Hace algunos años recibí un regalo inusual. Se trataba de una Biblia publicada en 1856 (hace 168 años), que también funciona como un himnario. Como coleccionista de libros antiguos la clasifiqué y la guardé con cuidado. Hace unos días la envié a restaurar y en el proceso surgieron algunas sorpresas. Dentro de ella apareció una inscripción manuscrita que dice: Johnny S. Lee murió el 8 de abril de 1883.
El papel está delicadamente recortado, bordeando la forma de la caligrafía y creando una especie de obra de arte. En otra página de la vieja Biblia apareció una hoja seca. Una hoja que lleva ahí más de siglo y medio.
Finalmente, en otra página, la misma persona había puesto a secar una flor cuyos estambres secos aún se conservan casi intactos y el fantasma de lo que fueron sus pétalos quedó impreso en el papel, como si del sudario de Turín se tratara.
Todo eso despertó mi curiosidad. La vida de estas personas, que vivieron hace unos 150 años, me intrigó. Así que pedí ayuda para investigar más. Esas investigaciones han estado dando buenos resultados.
John S. Lee nació en 1860 y vivió en So. Third, ward 11, Nashville. Era un funcionario y estaba casado con Anna Clark (nombre de nacimiento). Llevaban solo 3 años de matrimonio cuando John murió a la edad de 23. La caligrafía en la nota manuscrita, la flor y la hoja secas parecen ser de Anna. Aquella joven pareja vivió en una época convulsa. Eran unos niños blancos —en el acta de nacimiento se detalla la raza y el color de la piel— cuando estalló la Guerra Civil de Estados Unidos. La lucha por la libertad de los esclavos negros separó las colonias en dos bandos. Abraham Lincoln lideró uno de esos dos bandos hasta que fue asesinado en 1865, cuando John tenía 5 años. Solo dos años antes, cuando John apenas tenía 3 años de edad, Abraham Lincoln emitió la Proclamación de Emancipación el 1 de enero de 1863.
Lamentablemente John S. Lee estaba en el bando equivocado, no sabemos si ideológicamente, pero su sangre lo emparentaba con el lado esclavista. Y no solo su sangre, su acta de nacimiento daba cuenta de eso por partida doble. Su raza era blanca y su apellido se había hecho famoso. Sus familiares pasarían a la historia como grandes hombres de guerra. Uno de los generales más destacados del Ejército Confederado. El General Robert E. Lee, hijo de Henry Lee III, quien fue oficial durante la Guerra de Independencia de Estados Unidos, había sido derrotado, rindiéndose en 1865, cuando John tenía 5 años.

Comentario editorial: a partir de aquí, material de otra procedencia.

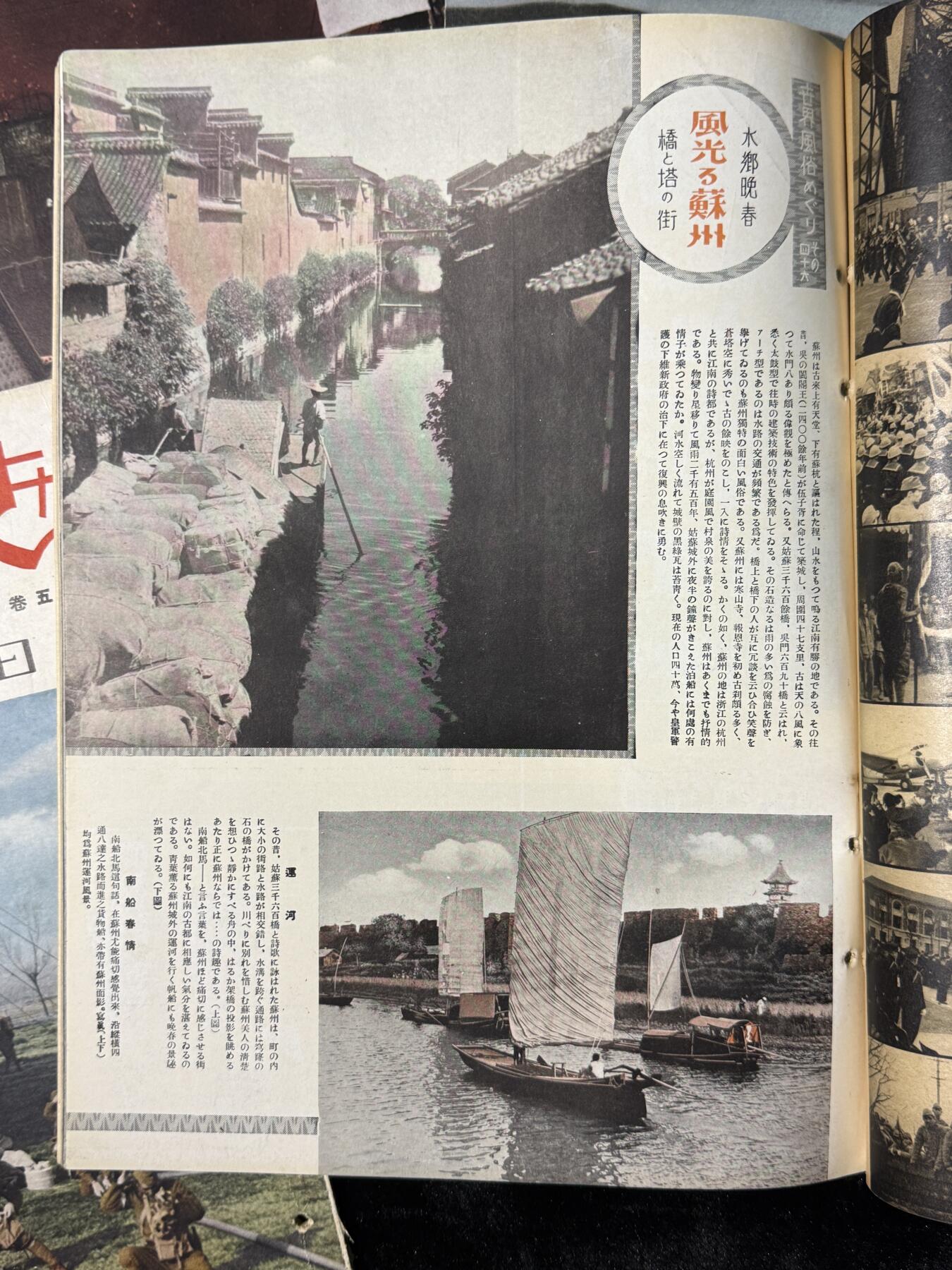 戎马世界章牌大赏第115期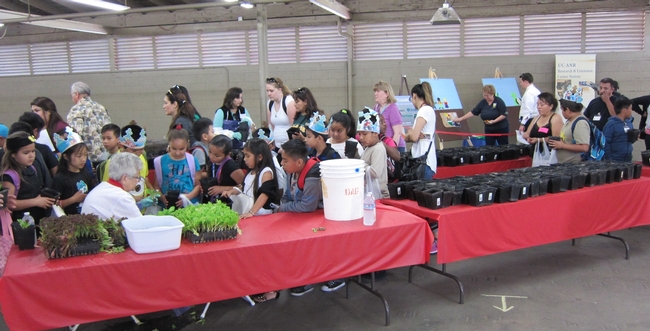Central Valley students eagerly lined up to get started on their lettuce planting fun.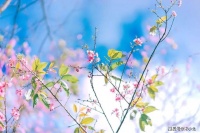 内心强大的女人，会有的特征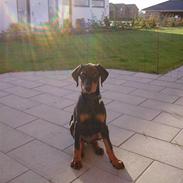 Dobermann Dina (Demi More) R.I.P.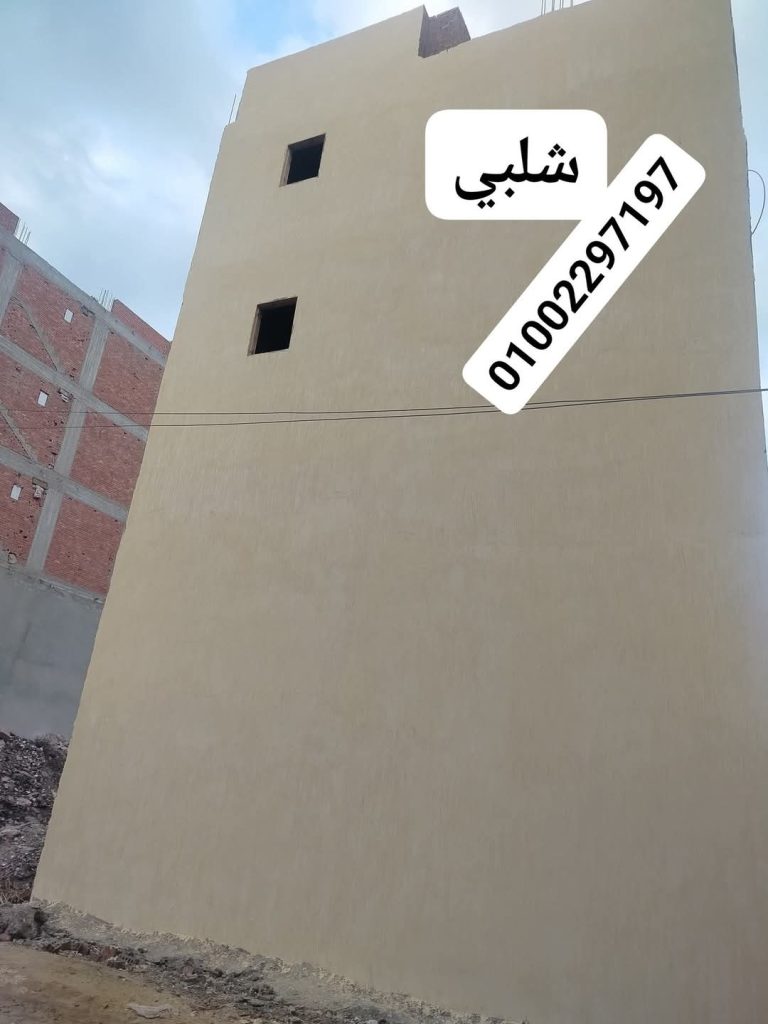 منزل للبيع في طلخا
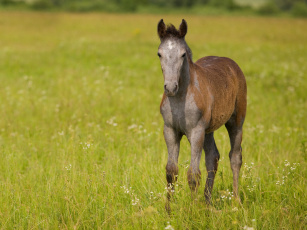 Картинка животные лошади трава жеребёнок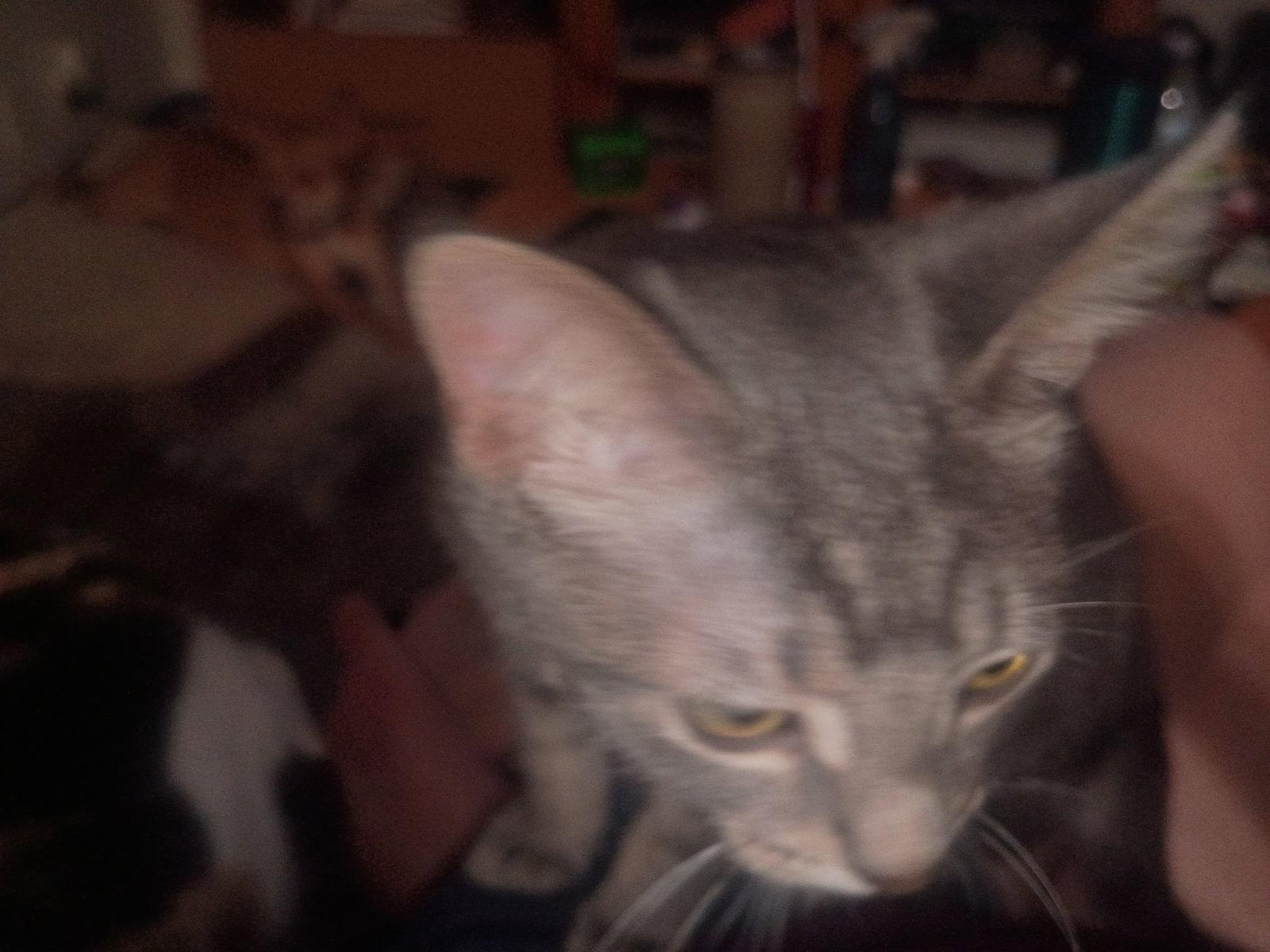 Enlarge Puddy, a Adoptable Domestic Short Hair in Niles, MI image 2/3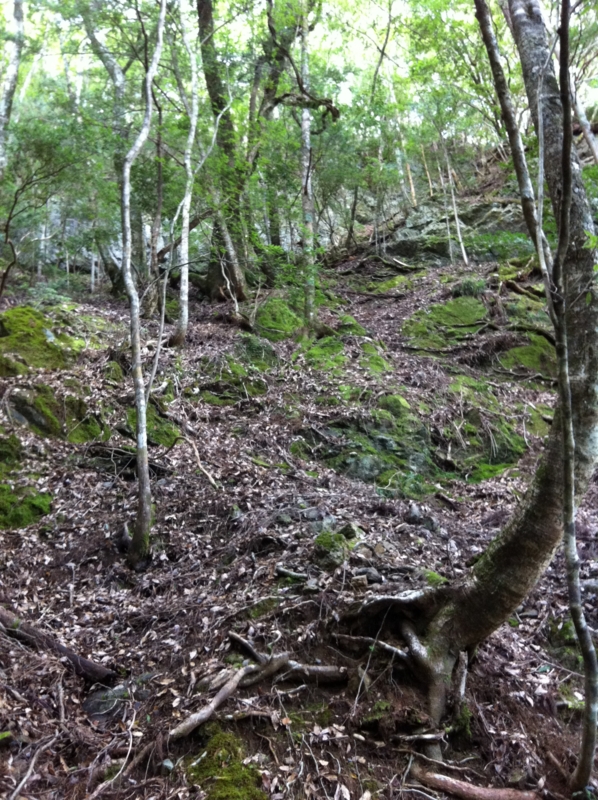 f:id:nceedo:20120909145027j:image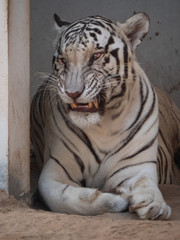 White Bengal Tiger held in captivity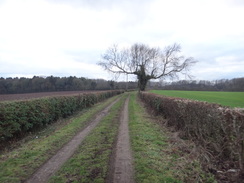 P2018DSC07025	The track leading west towards Wetherby.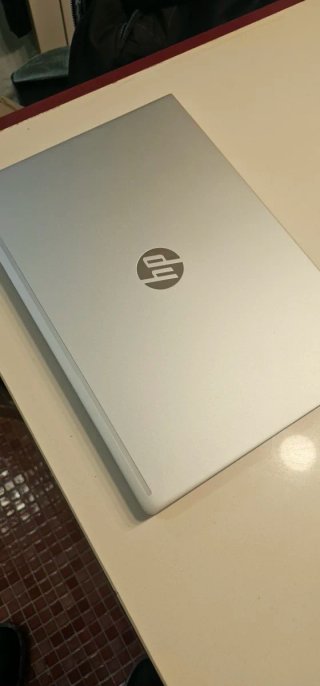 Portátil HP 455 G7 Plata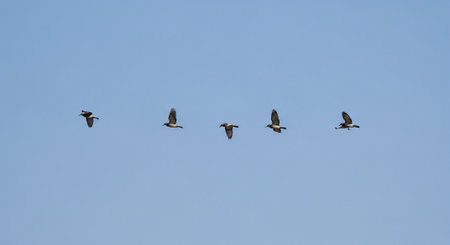 A flock of Canada geese flying in a blue sky in winterの写真素材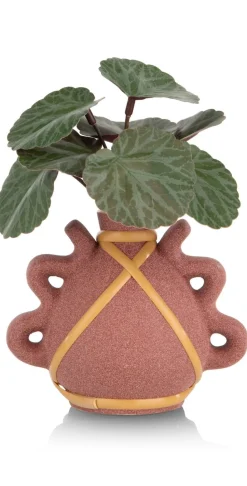 Saxifrage Mini Bush H13cm kunstbloem - Groen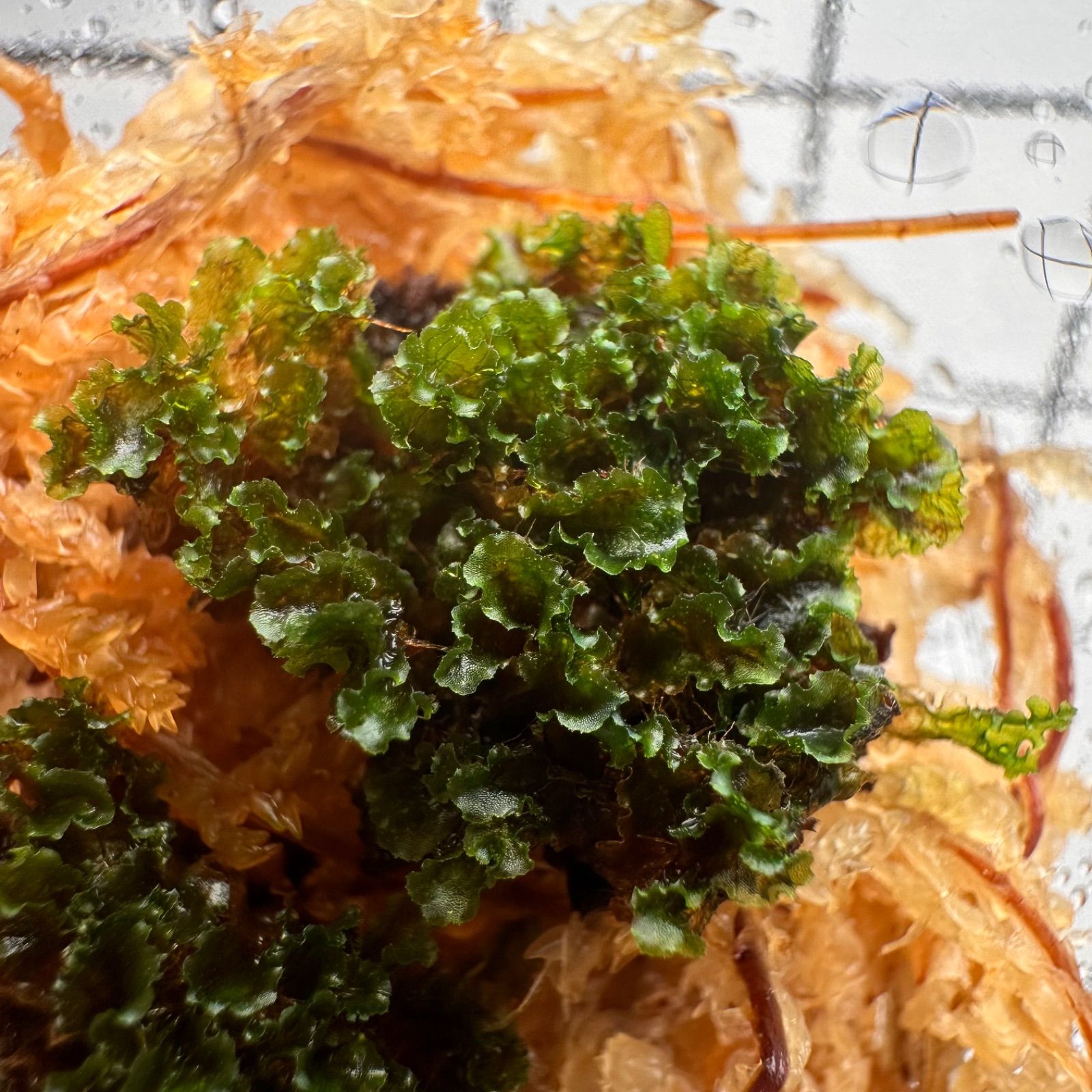 メルカリショップ限定 SPECIAL NIGHT SALE】P.willinckii OMG 前葉体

Anna y John se casaron en 1880, cuando aún no había electricidad en Nashville. La luz eléctrica llegaría 2 años después, en 1882. Podemos imaginar la experiencia de Anna y John asistiendo a la primera iluminación pública en su ciudad. Algo absolutamente fascinante que los hacía sentir en el futuro. Soñaron con tener una casa con luz eléctrica, pero aquello, de momento, no llegaba a ser ni siquiera un lujo, de momento era un privilegio de unos pocos. Para ellos estaba rotundamente fuera de su alcance. Eran una pareja típica, privilegiada por su color de piel y por su fe. Asistían a la iglesia, cantaban los himnos y cumplían con lo esperado. No poseemos aún fotografías de ellos, pero no necesito tenerlas. Sé que ustedes ya los han imaginado. De seguro ya saben cómo era Anna, cómo vestía y cómo se movía. Esa Anna que ustedes ya conocen en sus mentes quedó embarazada y dio a luz a Emmett Lee a inicios de 1880. Anna se sintió realizada como mujer y como cristiana. Presentaron con orgullo y fe al pequeño Emmett en la iglesia. De hecho, eligieron ese nombre porque en hebreo significa «verdad», lo que denota una fe robusta que transmitirían vigorosamente a sus hijos. Nunca lo habían conversado, pero ese era uno de esos planes no confesados que tienen las parejas. Planes que nunca llegan a ser articulados por la voz o escritos en papel. Ese tipo de planes que siempre estuvieron ahí, generación tras generación, como un código genético que se hereda irremediablemente. Hasta que algo ocurre y rompe con la herencia.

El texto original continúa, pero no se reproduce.